# Looking for snow plow work in Michigan



## mark0270 (Jan 19, 2007)

I have two plow trucks & I need work. I am very reliable if you have to much or need help please let me know. thanks mark.


----------



## Superior L & L (Oct 6, 2006)

This guy is about 30 mins from you, check out his post

http://www.plowsite.com/showthread.php?t=42531

If it works out i want my 10% commision for setting this up!

LOL


----------



## GrandScapes (Jan 18, 2007)

mark0270;355204 said:


> I have two plow trucks & I need work. I am very reliable if you have to much or need help please let me know. thanks mark.


Is Jason the guy with the other truck? I talked to a Jason from your area today and we got a deal set up and he said he had 2 trucks...


----------



## mark0270 (Jan 19, 2007)

No, I don`t know a jason but would really like some work if you have some. Please let me know . I`m in the Pinckney area (Livingston-Washtenaw county area)


----------



## GrandScapes (Jan 18, 2007)

mark0270;357947 said:


> No, I don`t know a jason but would really like some work if you have some. Please let me know . I`m in the Pinckney area (Livingston-Washtenaw county area)

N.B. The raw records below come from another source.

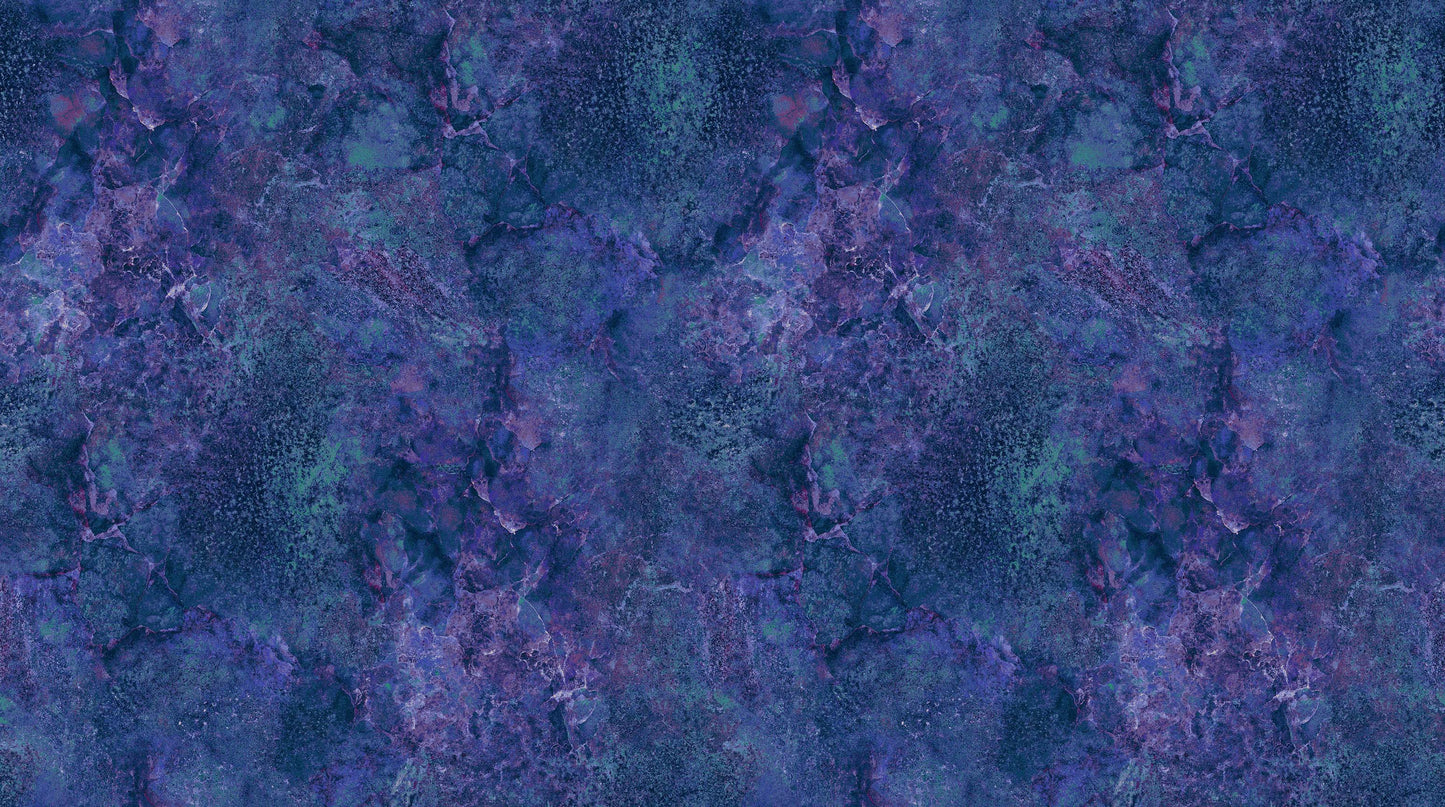 Stonehenge Gradations II Quartz Twilight Blue Green Linda Ludovico Northcott Cotton Fabric NC-26756-47
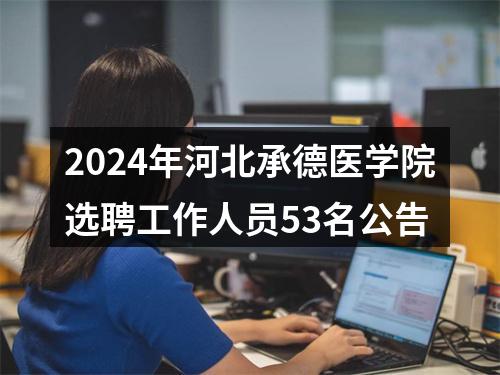 2024年河北承德医学院选聘工作人员53名公告 图片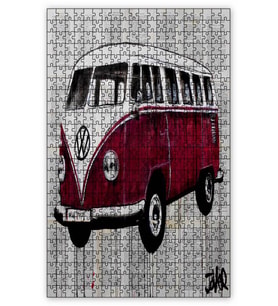 Cakapuzzle Volkswagen Minibüs Puzzle Yapboz MDF (Ahşap) (1000 Parça)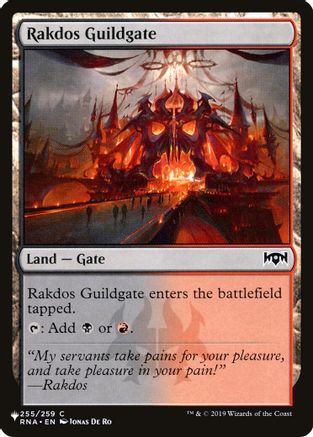 Rakdos Guildgate (255) (LIST-255)  - The List Reprints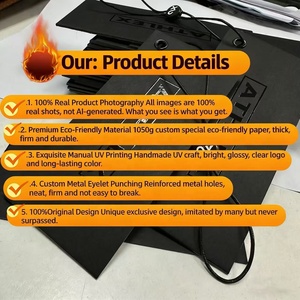 Etiquetas Colgantes de Ropa de Lujo con Logo Personalizado, Etiquetas de Papel de Alta Calidad con Ojete para Marca de Prendas de Vestir Diseño Gratuito - Product Image 3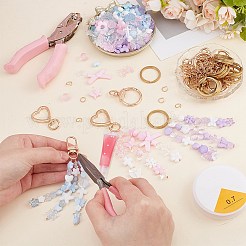 DIY Keychain Making Kits&nbsp;DIY-JOY0001-10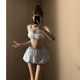 New skirt-style bikini split swimsuit for women, high-end, small breasts, sexy, pure desire, island resort, hot spring student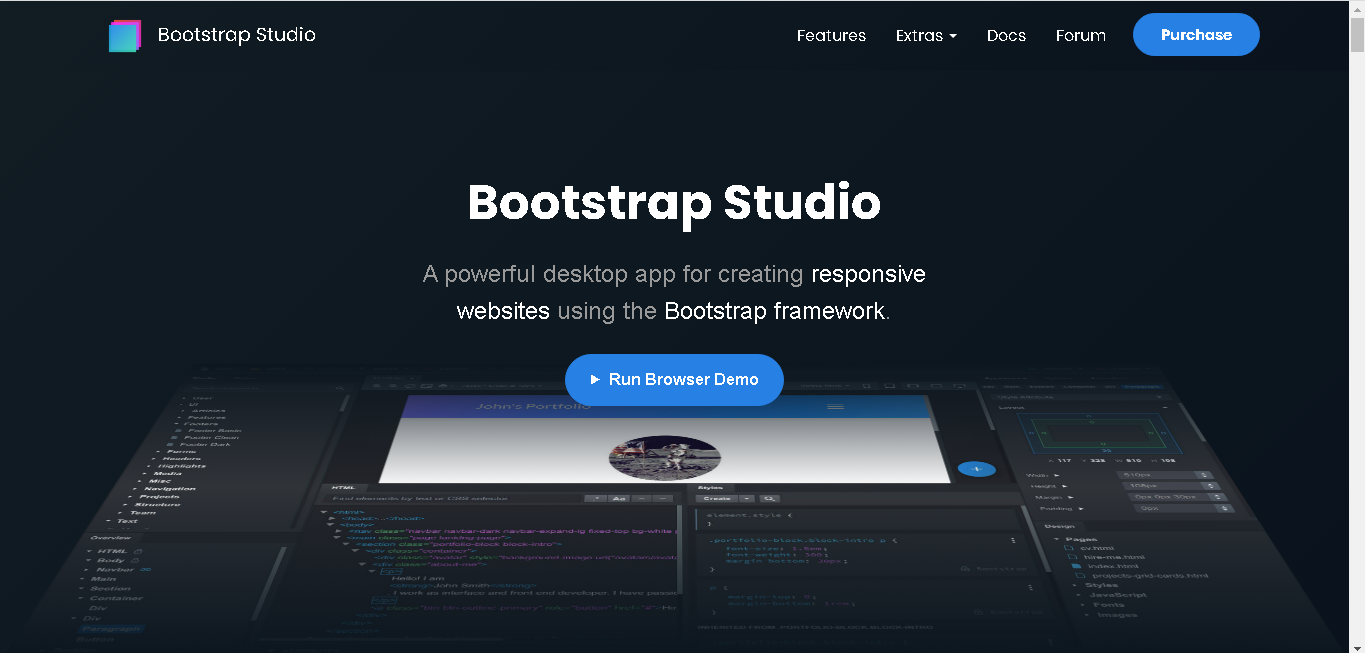 bootstrap studio professional website designing tool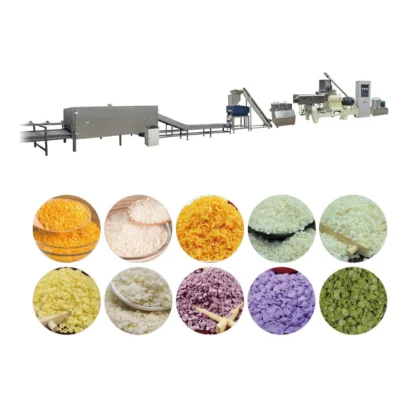 Hot-selling Twin-screw Extrusion Breadcrumb Production Line Equipment Complete Bread Crumb Machinery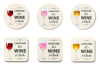 Wine O Clock Personalised Coaster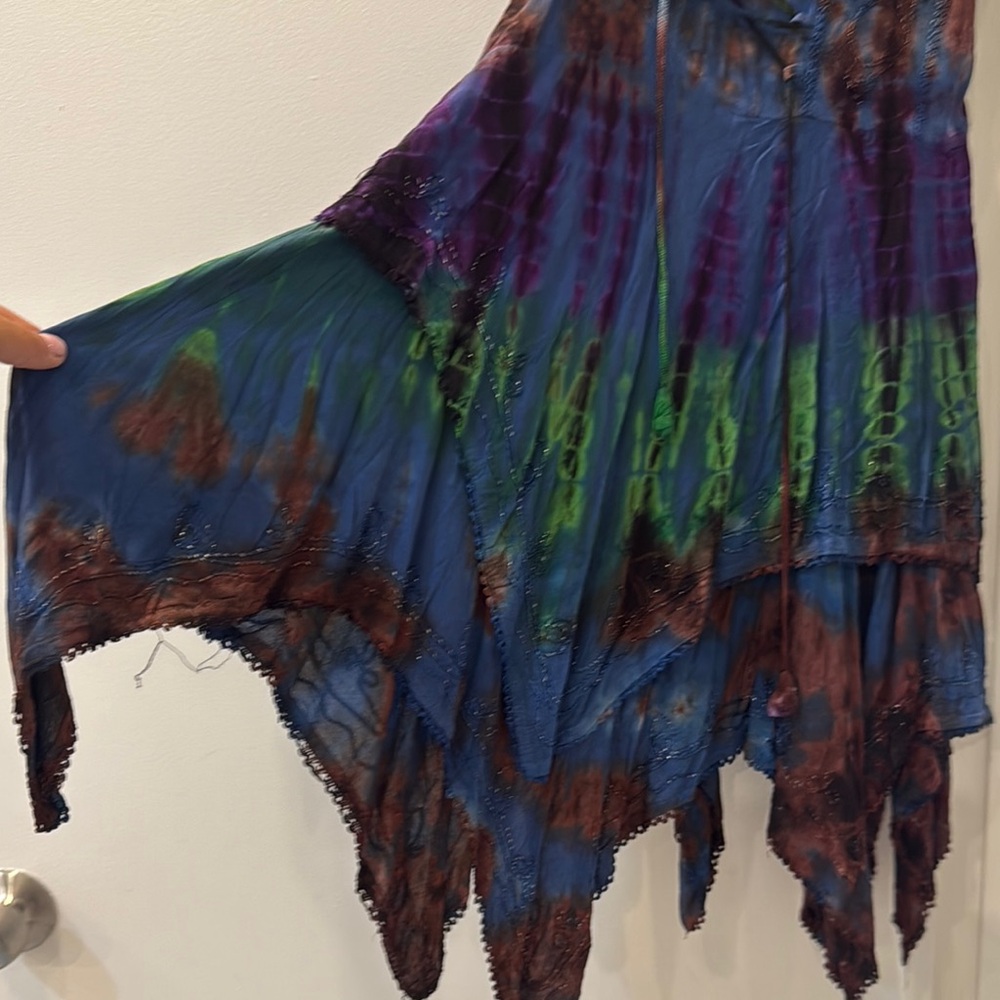 Bohemian Multicolor Sleeveless Dress - Picture 2 of 6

Where exactly are you located at? How far are you willing to drive? Most of our work is in the Gen County area. This is primarily where we are looking for subs at. We can work something out though. I could use 2-3 more trucks.


----------



## mark0270 (Jan 19, 2007)

I`am located in Livingston county in Pinckney, & I`ll drive as far as i need to. It looks like your in the county just north of me. Let me know if you still need help. 
Thanks, Mark


----------